◆ Requirement ◆
Skip pictures in the listing below; copy exactly the lines from the one with "Ottly dog photo" through the one with "MA license plate 9SY359", inclusive.

◆ Excerpted records ◆
******************************
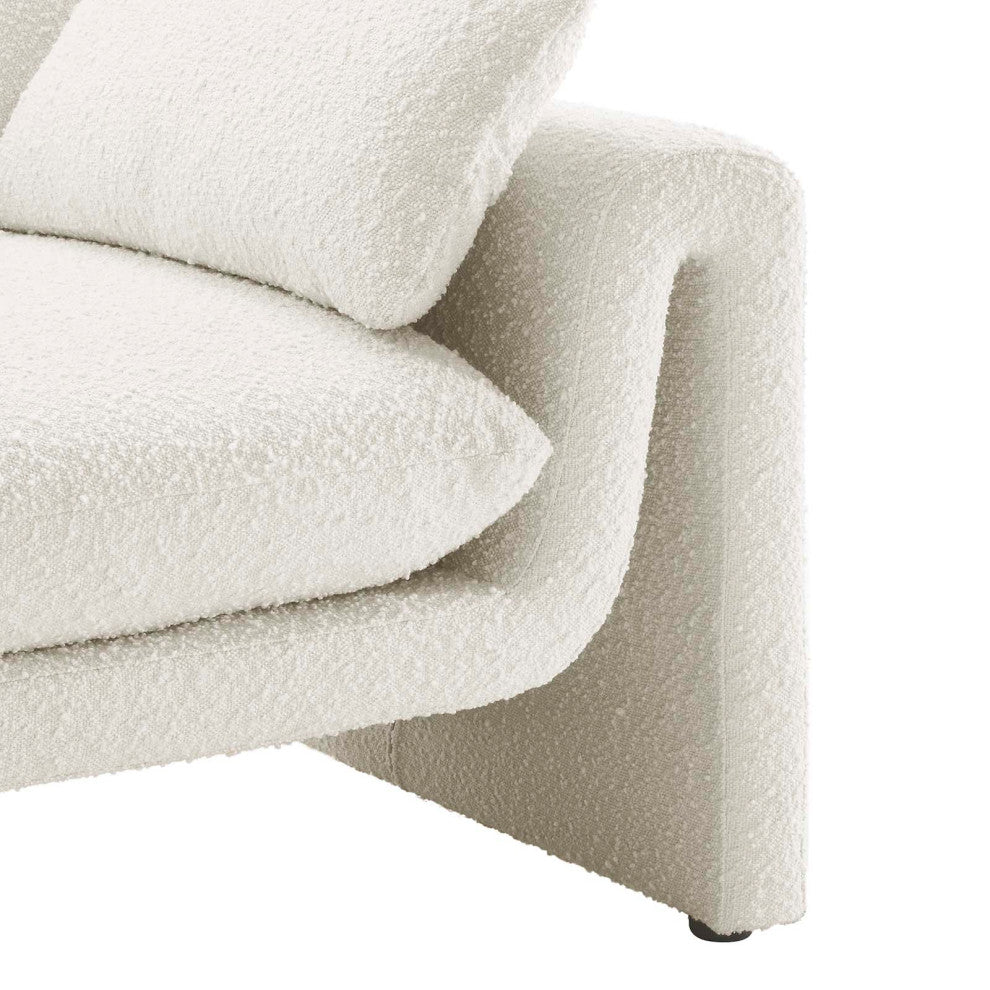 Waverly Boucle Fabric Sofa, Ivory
******************************
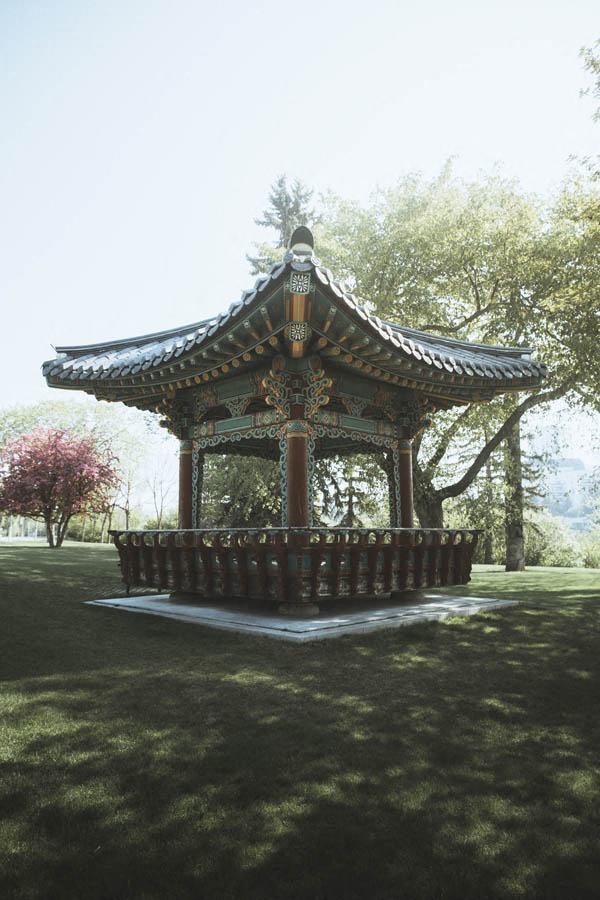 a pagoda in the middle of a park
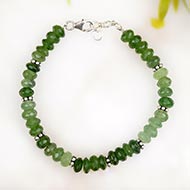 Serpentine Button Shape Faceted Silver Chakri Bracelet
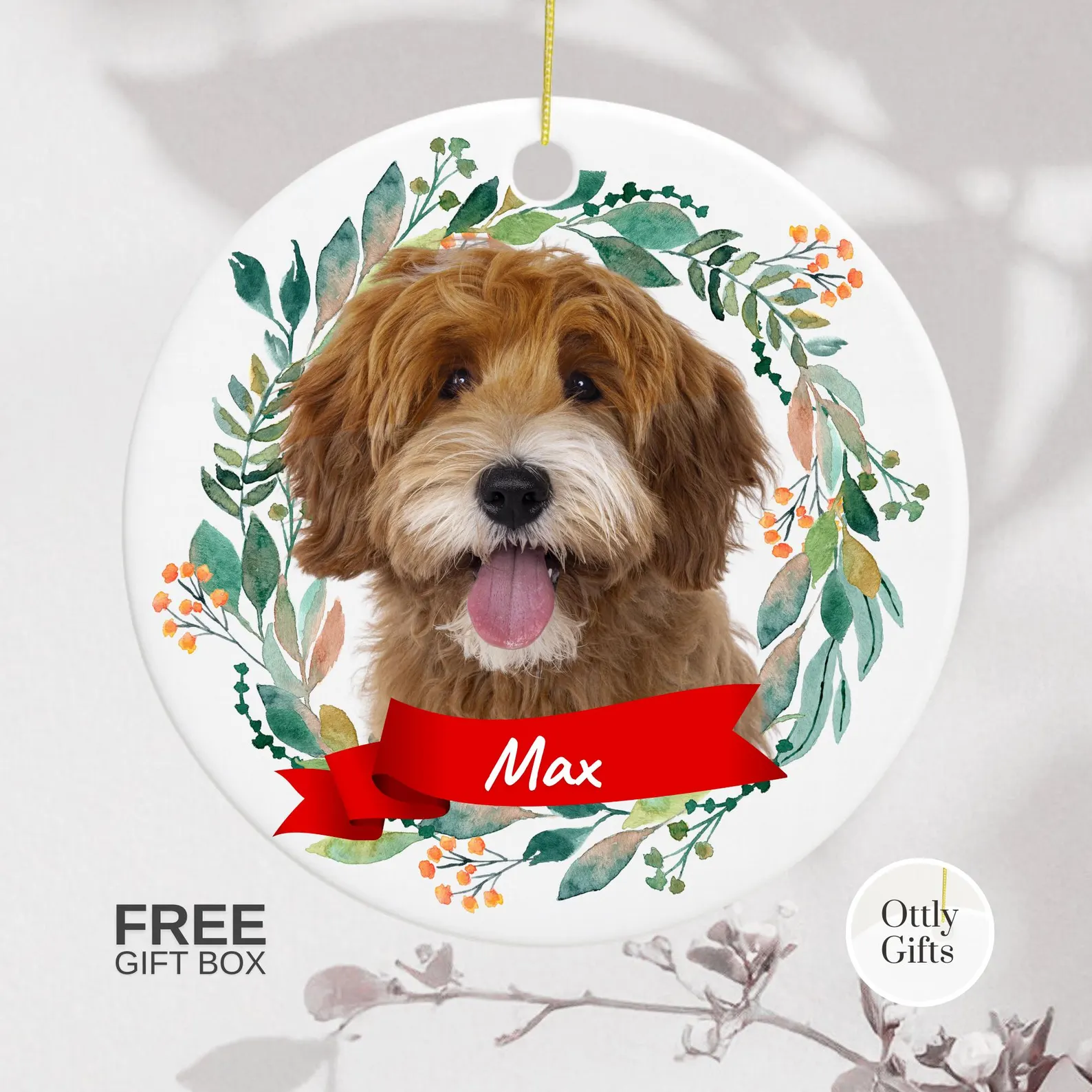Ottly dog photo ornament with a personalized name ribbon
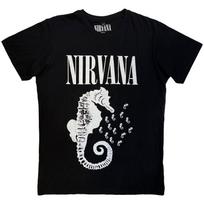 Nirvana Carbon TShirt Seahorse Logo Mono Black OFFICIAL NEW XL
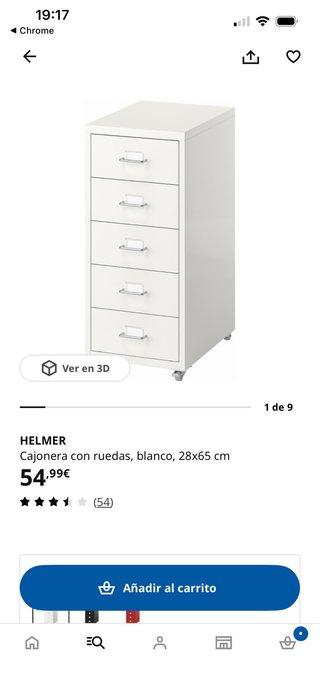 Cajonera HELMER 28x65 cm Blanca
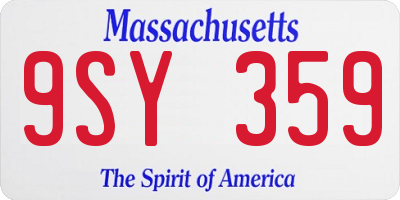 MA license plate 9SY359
******************************
◆ Solution to the problem ◆
Ottly dog photo ornament with a personalized name ribbon
 Nirvana Carbon TShirt Seahorse Logo Mono Black OFFICIAL NEW XL
 Cajonera HELMER 28x65 cm Blanca
 MA license plate 9SY359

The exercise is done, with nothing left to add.